The final step is communicating the findings with an engaging presentation. The skills of the articulate statistician may not come as naturally as those in the numeracy component or be as heavily stressed in a classical education, but they can be learned. Most graduate programs have some sort of statistical consulting component, such as Virginia Tech’s Laboratory for Interdisciplinary Statistical Analysis (LISA), that provides training and access to relevant problems. Pro-bono statistical groups such as StatCom or Statistics without Borders also are great ways to gain experience and hone articulacy skills.
O’Brien states that literacy includes technical writing and programming. In a basic sense, literacy is defined as the ability to read and write. So, within the context of the statistician, literacy refers to the ability to read and write technical documents and computer code. Hence, when faced with an unknown problem, an ideal statistician would be able to read academic literature to understand existing solutions.
After understanding existing methods, it may be necessary to use numeracy skills to develop improved techniques. Once a technique has been formulated and the model can be written down, computations need to be carried out. Literacy in programming implies the ability to implement calculations using existing software packages and develop new code when necessary.
Technical writing, sharing newly created knowledge via published papers, is the final task. Much like articulacy, literacy is not the main focus of graduate education, particularly for master’s students. Nonetheless, these skills can be learned, and advanced prowess proves extremely beneficial.
As an aside about programming, having worked with computer scientists in a few interdisciplinary projects, the difference in programming skills is striking. Statisticians often start the process with a neatly ordered CSV file in which each row represents a single observation and the columns correspond to variables. While not a requirement in many statistical settings, the ability to efficiently scrape, sort, and manage data is a liberating skill that the ideal modern statistician possesses.
The final component is graphicacy, which focuses on effective displays of data. Having taught courses on statistical graphics, I find it important to understand the distinction between traditional statistical graphics and data visualization. Statistical graphics are often exploratory and used to inform statistical models. Statistical graphics also can be the endgame, displaying important findings, but typically statistical machinery underlies these displays.

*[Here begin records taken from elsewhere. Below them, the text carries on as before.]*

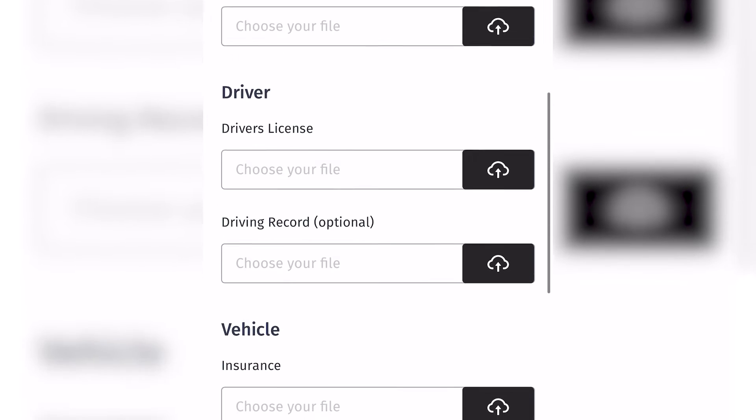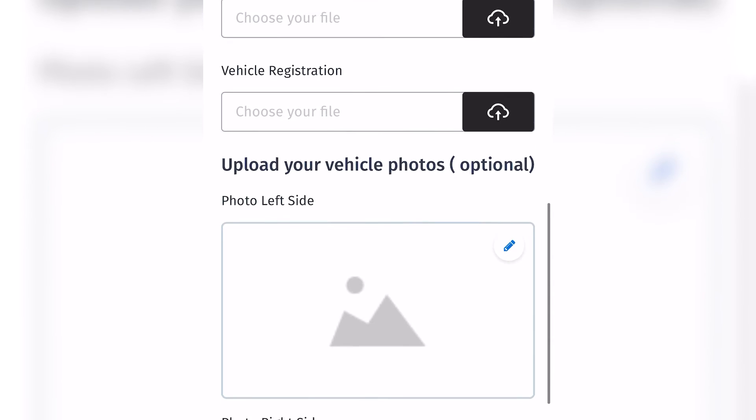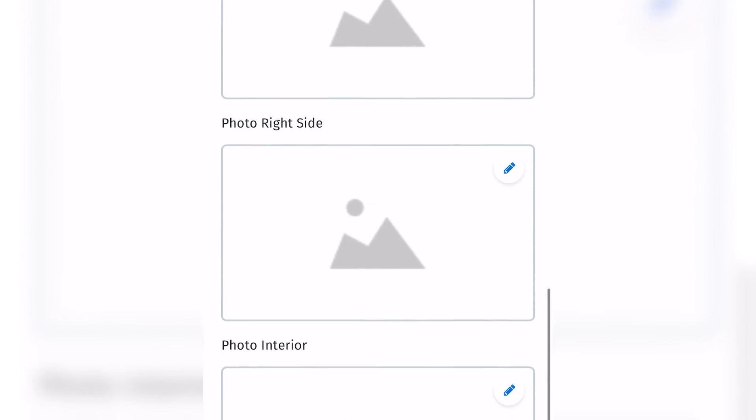Step 2: Upload all of the required documents — EIN number, driver's license, vehicle insurance, and vehicle registration. If possible, upload your vehicle photos because it's helpful for our dispatchers, but it's completely optional.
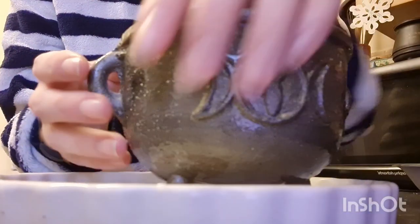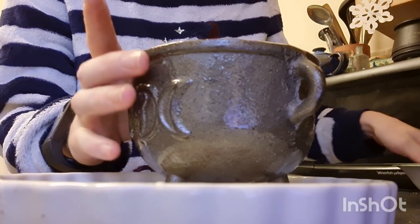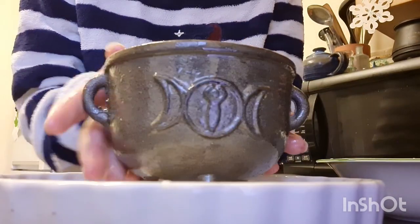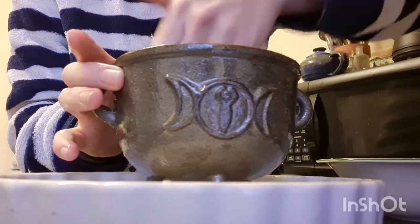Seasoning your cauldron makes it a lot less likely to rust and ruin, as the baked-in olive oil helps to add a protective layer so it lasts longer and stays in better condition. This method of seasoning can also be used on any cast iron vessel such as a skillet or a pan. To season your cauldron, make up a mixture of sea salt and either olive oil or almond oil in a bowl, and wipe the inside and outside of the cauldron down with the mixture, rubbing the oil in as best you can.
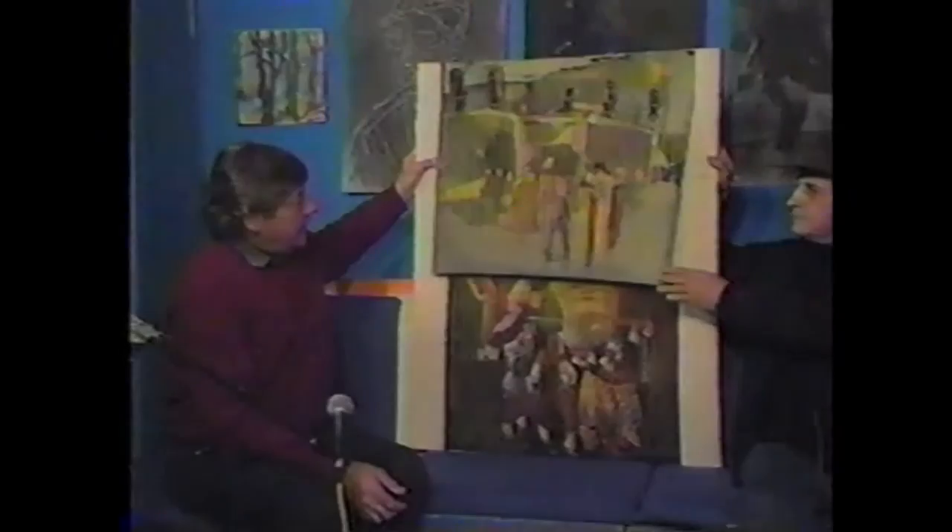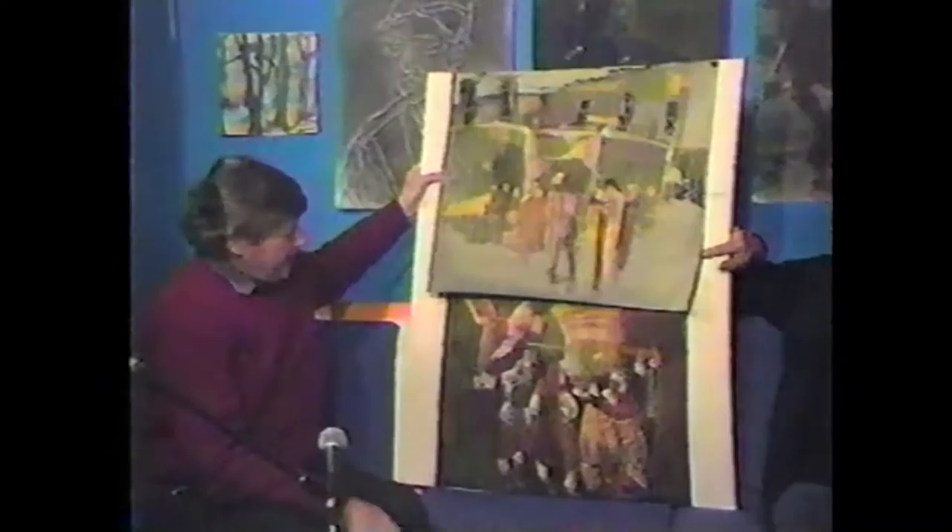These are pastel studies for future oil paintings. This one here is done on sanded paper and this is done on regular charcoal paper. They're mainly just working with shape and linear oppositions, and a limited palette, trying to keep them as flat as possible.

Data visualization, another of those en vogue buzzwords, includes infographics and displays of data that are often more artistic than typical statistical graphics. Data visualization is focused on telling a story without the principles of statistical inference. The modern statistician has expertise in statistical graphics and competence in statistical visualization.
The most valuable contribution of a statistician is the ability to contribute to solving real problems. With vast data sources available and numerous complex, interesting, and relevant problems to focus statistical machinery on, it is an exciting time to be a statistician.
This article has explored the components of an ideal modern statistician through the lens of O’Brien’s “completely sufficient statistician.” Using the statistical definition of sufficient, this clever play on words suggests a modern statistician contains all the necessary information (knowledge) to successfully address and answer pressing questions of our era.